Kubernetes nodes not working, runtime network not ready
I messed up and deleted my nodes using kubectl delete node
thinking that was how to restart nodes, but now they aren't working. I have reduced the number of nodes in the pool and increased it again to make new nodes but now the new nodes are all NotReady when I look at their status.

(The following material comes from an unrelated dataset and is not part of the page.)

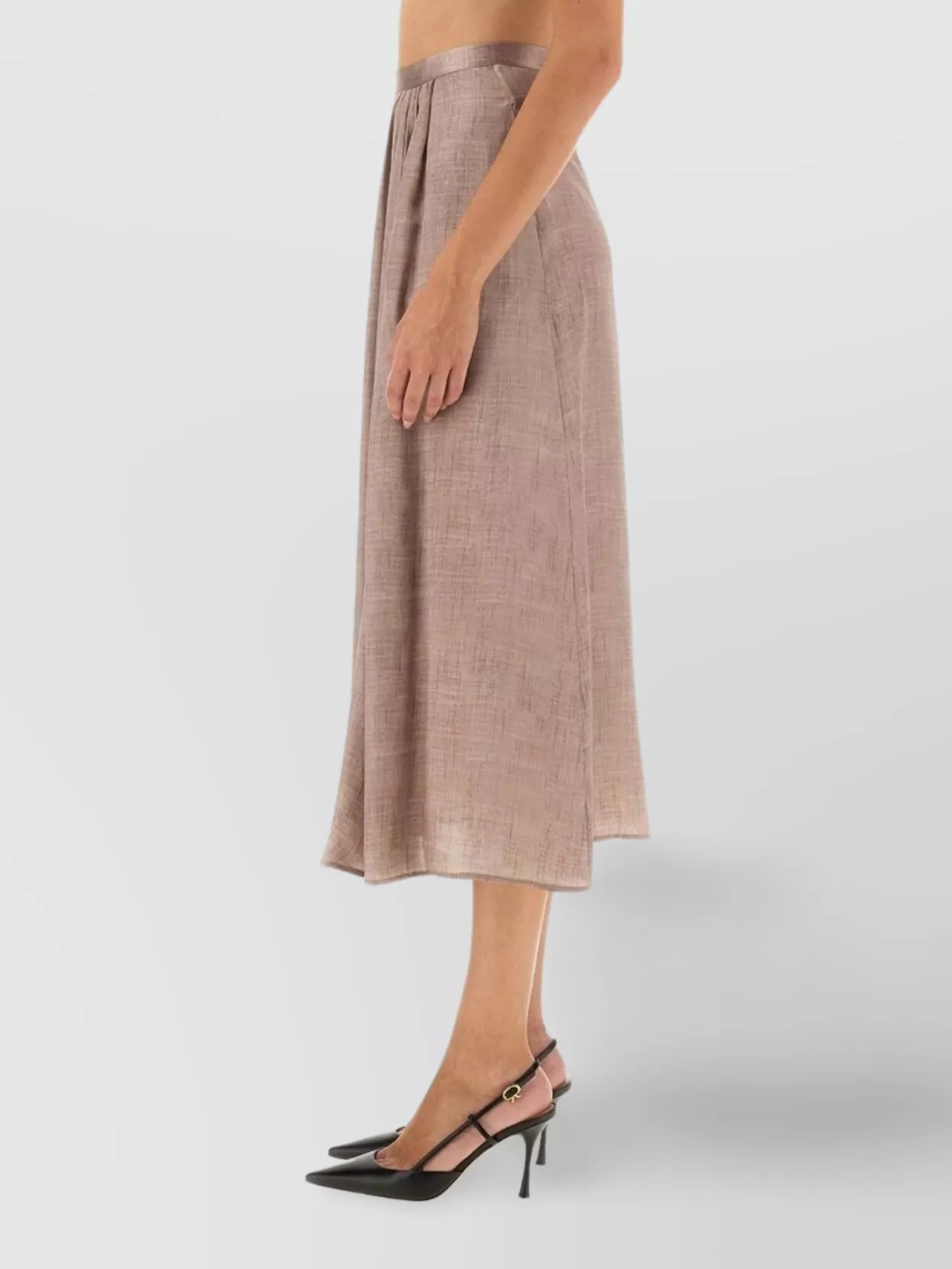 Shop Kiton High Waist Pleated Midi Skirt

Has anyone seen that and been able to fix it in Linode's managed Kubernetes environment?
Conditions:
Type Status LastHeartbeatTime LastTransitionTime Reason Message
---- ------ ----------------- ------------------ ------ -------
MemoryPressure False Wed, 19 Aug 2020 17:45:16 -0400 Wed, 19 Aug 2020 17:24:42 -0400 KubeletHasSufficientMemory kubelet has sufficient memory available
DiskPressure False Wed, 19 Aug 2020 17:45:16 -0400 Wed, 19 Aug 2020 17:24:42 -0400 KubeletHasNoDiskPressure kubelet has no disk pressure
PIDPressure False Wed, 19 Aug 2020 17:45:16 -0400 Wed, 19 Aug 2020 17:24:42 -0400 KubeletHasSufficientPID kubelet has sufficient PID available
Ready False Wed, 19 Aug 2020 17:45:16 -0400 Wed, 19 Aug 2020 17:24:42 -0400 KubeletNotReady runtime network not ready: NetworkReady=false reason:NetworkPluginNotReady message:docker: network plugin is not ready: cni config uninitialized
1 Reply
Hey there! Kubernetes can be pretty dense on the best of days, and punishingly so on the worst, so I'd be more than happy to provide a bit of context around what's happening with your LKE cluster.

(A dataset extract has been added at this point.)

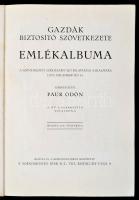 Gazdák Biztosító Szövetkezetének emlékalbuma. A szövetkezeti székházépület felavatása alkalmára. (19...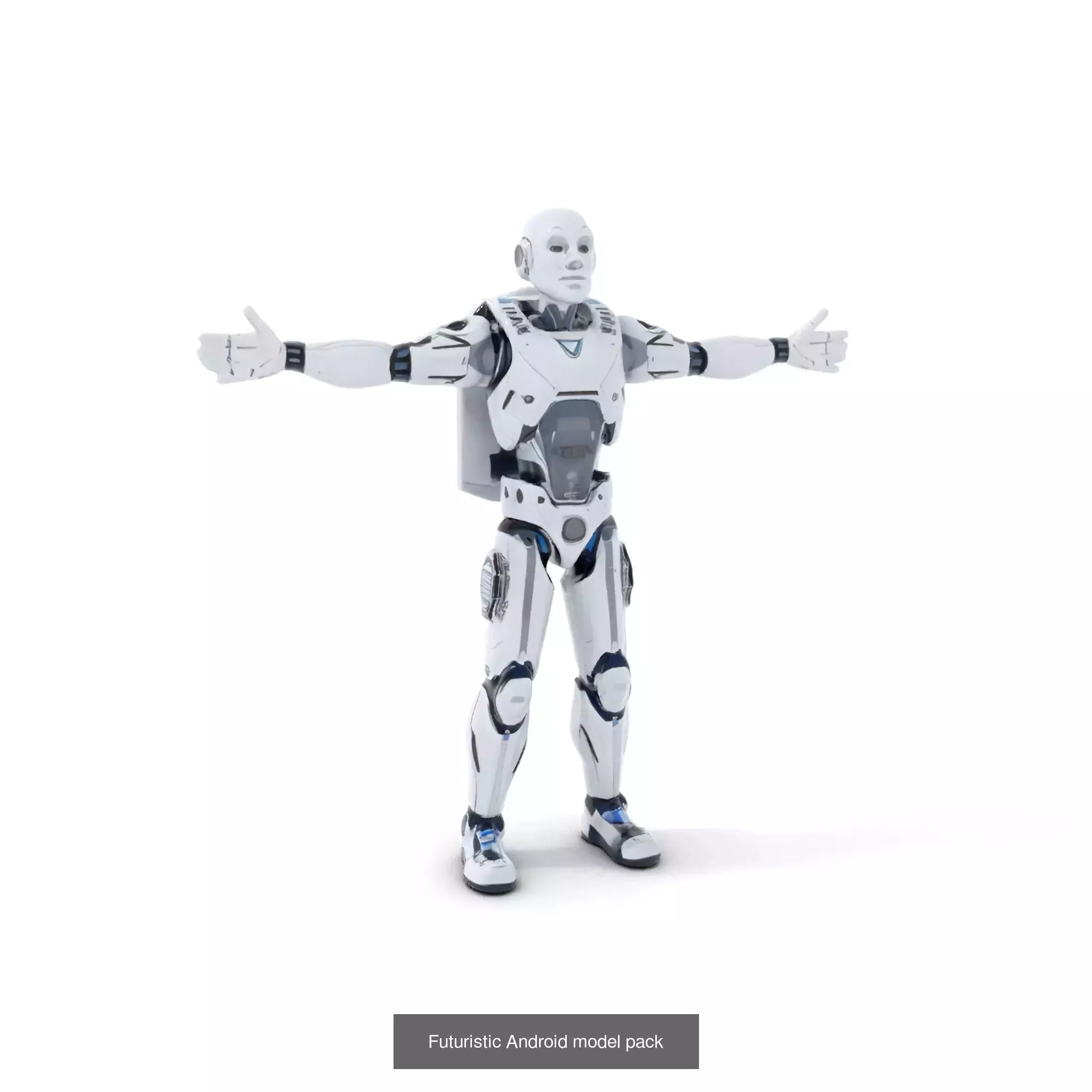 Futuristic Space Explorer Robot Pack 3D Model Collection_22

Though there are some Kubernetes resources that are gracefully removed when deleted through kubectl (such as pods and services), this is not the case for nodes -- when kubectl delete <nodeName>
is run, that node is ungracefully removed, which is to say that the node is deleted regardless of the processes it's handling. This, as you've noticed, can leave your cluster in a pretty wonky state.
In this particular instance, it's likely that your cluster's webhook controller server (responsible for interacting with your cluster's kube-apiserver and ensuring that the proper services are able to be deployed) was deleted along with its parent node which deadlocked your cluster. The last line in the output you shared refers to your cluster's inability to deploy Calico nodes which manage your cluster's internal networking.

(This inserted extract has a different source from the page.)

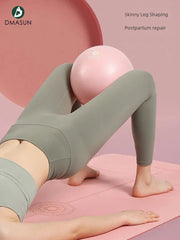 Dmasun Mini Yoga Ball Pilates Ball Shaping Bee Waist Hip Fitness Gymnastics Exercise Balance Ball - Lacatang Shop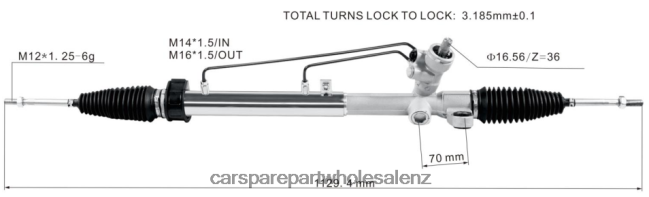 car spare parts suppliers Power Steering Rack RM500 44200-BZ021 8B6J062650 PROTON/PERODUA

Part of your cluster's deadlock condition can be found in its aforementioned webhook server -- this being the case, you should be able to resolve the deadlock by deleting that resource. You can do so by first saving your webhooks with kubectl get mutatingwebhookconfigurations -oyaml > mutatingwebhooks.txt
(in case they're needed later), and then deleting them with kubectl delete mutatingwebhookconfigurations <NAME>
. After doing so, you should be able to add new nodes to your cluster without issue. If you happen to notice otherwise, though, feel free to follow up here with the output from kubectl get events
to get some assistance from the rest of the Community!